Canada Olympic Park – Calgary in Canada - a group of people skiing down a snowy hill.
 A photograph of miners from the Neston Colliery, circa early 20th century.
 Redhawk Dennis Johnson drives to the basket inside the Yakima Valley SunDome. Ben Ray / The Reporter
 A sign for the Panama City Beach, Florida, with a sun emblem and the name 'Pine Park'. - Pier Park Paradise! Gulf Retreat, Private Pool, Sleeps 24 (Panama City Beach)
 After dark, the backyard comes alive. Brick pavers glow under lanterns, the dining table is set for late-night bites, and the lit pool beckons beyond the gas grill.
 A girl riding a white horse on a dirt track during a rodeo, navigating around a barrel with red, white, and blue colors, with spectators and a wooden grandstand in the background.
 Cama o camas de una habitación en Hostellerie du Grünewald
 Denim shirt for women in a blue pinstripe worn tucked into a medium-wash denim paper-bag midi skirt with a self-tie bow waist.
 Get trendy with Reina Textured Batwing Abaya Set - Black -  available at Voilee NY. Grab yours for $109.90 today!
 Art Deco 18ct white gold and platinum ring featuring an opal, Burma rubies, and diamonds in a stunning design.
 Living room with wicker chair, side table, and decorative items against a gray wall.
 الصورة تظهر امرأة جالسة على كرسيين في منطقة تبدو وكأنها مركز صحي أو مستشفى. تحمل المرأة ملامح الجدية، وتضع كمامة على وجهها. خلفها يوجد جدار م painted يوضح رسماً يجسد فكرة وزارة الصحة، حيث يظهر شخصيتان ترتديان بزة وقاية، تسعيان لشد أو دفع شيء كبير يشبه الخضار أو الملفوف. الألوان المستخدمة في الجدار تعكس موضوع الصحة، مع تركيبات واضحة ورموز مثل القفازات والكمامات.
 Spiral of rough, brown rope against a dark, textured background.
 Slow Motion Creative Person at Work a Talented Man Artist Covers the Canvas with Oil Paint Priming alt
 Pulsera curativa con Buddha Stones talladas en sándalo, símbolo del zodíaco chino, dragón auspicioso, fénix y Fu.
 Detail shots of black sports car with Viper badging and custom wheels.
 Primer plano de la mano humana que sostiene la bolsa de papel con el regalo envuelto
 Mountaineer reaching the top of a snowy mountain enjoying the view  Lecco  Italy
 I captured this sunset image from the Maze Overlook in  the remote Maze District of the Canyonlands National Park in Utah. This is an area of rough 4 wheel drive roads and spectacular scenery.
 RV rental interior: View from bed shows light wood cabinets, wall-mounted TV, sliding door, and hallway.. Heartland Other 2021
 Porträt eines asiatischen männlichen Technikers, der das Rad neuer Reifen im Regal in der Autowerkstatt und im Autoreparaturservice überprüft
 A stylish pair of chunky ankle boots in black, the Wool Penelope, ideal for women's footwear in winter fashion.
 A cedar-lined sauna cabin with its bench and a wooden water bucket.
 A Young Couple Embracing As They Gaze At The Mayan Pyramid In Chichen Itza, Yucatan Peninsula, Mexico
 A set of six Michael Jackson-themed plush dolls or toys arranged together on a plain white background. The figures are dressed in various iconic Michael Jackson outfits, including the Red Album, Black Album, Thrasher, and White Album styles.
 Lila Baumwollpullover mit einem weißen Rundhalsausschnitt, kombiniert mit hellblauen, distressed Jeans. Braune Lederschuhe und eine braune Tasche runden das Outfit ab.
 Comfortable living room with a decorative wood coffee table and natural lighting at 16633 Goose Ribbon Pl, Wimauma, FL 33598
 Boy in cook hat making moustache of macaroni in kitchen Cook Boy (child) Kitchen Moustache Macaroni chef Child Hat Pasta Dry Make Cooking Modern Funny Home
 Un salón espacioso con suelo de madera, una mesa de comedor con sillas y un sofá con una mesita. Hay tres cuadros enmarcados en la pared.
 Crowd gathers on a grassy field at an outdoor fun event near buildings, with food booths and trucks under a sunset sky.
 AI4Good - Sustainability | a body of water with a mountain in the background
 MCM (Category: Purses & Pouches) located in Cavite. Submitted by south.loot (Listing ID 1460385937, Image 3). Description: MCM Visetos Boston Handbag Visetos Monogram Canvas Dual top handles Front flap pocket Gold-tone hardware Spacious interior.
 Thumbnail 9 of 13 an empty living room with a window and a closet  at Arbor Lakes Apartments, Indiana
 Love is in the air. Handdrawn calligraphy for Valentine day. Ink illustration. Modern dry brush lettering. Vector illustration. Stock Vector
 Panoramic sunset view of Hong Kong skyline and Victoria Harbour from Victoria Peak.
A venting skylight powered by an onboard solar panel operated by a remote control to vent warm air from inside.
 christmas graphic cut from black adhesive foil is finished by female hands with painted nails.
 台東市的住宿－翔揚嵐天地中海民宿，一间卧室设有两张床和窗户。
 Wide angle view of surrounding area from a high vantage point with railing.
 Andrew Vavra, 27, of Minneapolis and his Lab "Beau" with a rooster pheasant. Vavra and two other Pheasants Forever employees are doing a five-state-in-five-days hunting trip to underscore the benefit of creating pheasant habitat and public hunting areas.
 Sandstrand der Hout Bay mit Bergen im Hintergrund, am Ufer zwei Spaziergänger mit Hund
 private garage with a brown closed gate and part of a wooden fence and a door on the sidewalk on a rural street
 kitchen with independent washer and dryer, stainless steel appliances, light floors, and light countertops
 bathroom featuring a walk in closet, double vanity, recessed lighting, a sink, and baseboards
--------------------------------
• _Requirement_:
Please transcribe the material above precisely as it stands.

• _Answer area_:
Canada Olympic Park – Calgary in Canada - a group of people skiing down a snowy hill.
 A photograph of miners from the Neston Colliery, circa early 20th century.
 Redhawk Dennis Johnson drives to the basket inside the Yakima Valley SunDome. Ben Ray / The Reporter
 A sign for the Panama City Beach, Florida, with a sun emblem and the name 'Pine Park'. - Pier Park Paradise! Gulf Retreat, Private Pool, Sleeps 24 (Panama City Beach)
 After dark, the backyard comes alive. Brick pavers glow under lanterns, the dining table is set for late-night bites, and the lit pool beckons beyond the gas grill.
 A girl riding a white horse on a dirt track during a rodeo, navigating around a barrel with red, white, and blue colors, with spectators and a wooden grandstand in the background.
 Cama o camas de una habitación en Hostellerie du Grünewald
 Denim shirt for women in a blue pinstripe worn tucked into a medium-wash denim paper-bag midi skirt with a self-tie bow waist.
 Get trendy with Reina Textured Batwing Abaya Set - Black -  available at Voilee NY. Grab yours for $109.90 today!
 Art Deco 18ct white gold and platinum ring featuring an opal, Burma rubies, and diamonds in a stunning design.
 Living room with wicker chair, side table, and decorative items against a gray wall.
 الصورة تظهر امرأة جالسة على كرسيين في منطقة تبدو وكأنها مركز صحي أو مستشفى. تحمل المرأة ملامح الجدية، وتضع كمامة على وجهها. خلفها يوجد جدار م painted يوضح رسماً يجسد فكرة وزارة الصحة، حيث يظهر شخصيتان ترتديان بزة وقاية، تسعيان لشد أو دفع شيء كبير يشبه الخضار أو الملفوف. الألوان المستخدمة في الجدار تعكس موضوع الصحة، مع تركيبات واضحة ورموز مثل القفازات والكمامات.
 Spiral of rough, brown rope against a dark, textured background.
 Slow Motion Creative Person at Work a Talented Man Artist Covers the Canvas with Oil Paint Priming alt
 Pulsera curativa con Buddha Stones talladas en sándalo, símbolo del zodíaco chino, dragón auspicioso, fénix y Fu.
 Detail shots of black sports car with Viper badging and custom wheels.
 Primer plano de la mano humana que sostiene la bolsa de papel con el regalo envuelto
 Mountaineer reaching the top of a snowy mountain enjoying the view  Lecco  Italy
 I captured this sunset image from the Maze Overlook in  the remote Maze District of the Canyonlands National Park in Utah. This is an area of rough 4 wheel drive roads and spectacular scenery.
 RV rental interior: View from bed shows light wood cabinets, wall-mounted TV, sliding door, and hallway.. Heartland Other 2021
 Porträt eines asiatischen männlichen Technikers, der das Rad neuer Reifen im Regal in der Autowerkstatt und im Autoreparaturservice überprüft
 A stylish pair of chunky ankle boots in black, the Wool Penelope, ideal for women's footwear in winter fashion.
 A cedar-lined sauna cabin with its bench and a wooden water bucket.
 A Young Couple Embracing As They Gaze At The Mayan Pyramid In Chichen Itza, Yucatan Peninsula, Mexico
 A set of six Michael Jackson-themed plush dolls or toys arranged together on a plain white background. The figures are dressed in various iconic Michael Jackson outfits, including the Red Album, Black Album, Thrasher, and White Album styles.
 Lila Baumwollpullover mit einem weißen Rundhalsausschnitt, kombiniert mit hellblauen, distressed Jeans. Braune Lederschuhe und eine braune Tasche runden das Outfit ab.
 Comfortable living room with a decorative wood coffee table and natural lighting at 16633 Goose Ribbon Pl, Wimauma, FL 33598
 Boy in cook hat making moustache of macaroni in kitchen Cook Boy (child) Kitchen Moustache Macaroni chef Child Hat Pasta Dry Make Cooking Modern Funny Home
 Un salón espacioso con suelo de madera, una mesa de comedor con sillas y un sofá con una mesita. Hay tres cuadros enmarcados en la pared.
 Crowd gathers on a grassy field at an outdoor fun event near buildings, with food booths and trucks under a sunset sky.
 AI4Good - Sustainability | a body of water with a mountain in the background
 MCM (Category: Purses & Pouches) located in Cavite. Submitted by south.loot (Listing ID 1460385937, Image 3). Description: MCM Visetos Boston Handbag Visetos Monogram Canvas Dual top handles Front flap pocket Gold-tone hardware Spacious interior.
 Thumbnail 9 of 13 an empty living room with a window and a closet  at Arbor Lakes Apartments, Indiana
 Love is in the air. Handdrawn calligraphy for Valentine day. Ink illustration. Modern dry brush lettering. Vector illustration. Stock Vector
 Panoramic sunset view of Hong Kong skyline and Victoria Harbour from Victoria Peak.
A venting skylight powered by an onboard solar panel operated by a remote control to vent warm air from inside.
 christmas graphic cut from black adhesive foil is finished by female hands with painted nails.
 台東市的住宿－翔揚嵐天地中海民宿，一间卧室设有两张床和窗户。
 Wide angle view of surrounding area from a high vantage point with railing.
 Andrew Vavra, 27, of Minneapolis and his Lab "Beau" with a rooster pheasant. Vavra and two other Pheasants Forever employees are doing a five-state-in-five-days hunting trip to underscore the benefit of creating pheasant habitat and public hunting areas.
 Sandstrand der Hout Bay mit Bergen im Hintergrund, am Ufer zwei Spaziergänger mit Hund
 private garage with a brown closed gate and part of a wooden fence and a door on the sidewalk on a rural street
 kitchen with independent washer and dryer, stainless steel appliances, light floors, and light countertops
 bathroom featuring a walk in closet, double vanity, recessed lighting, a sink, and baseboards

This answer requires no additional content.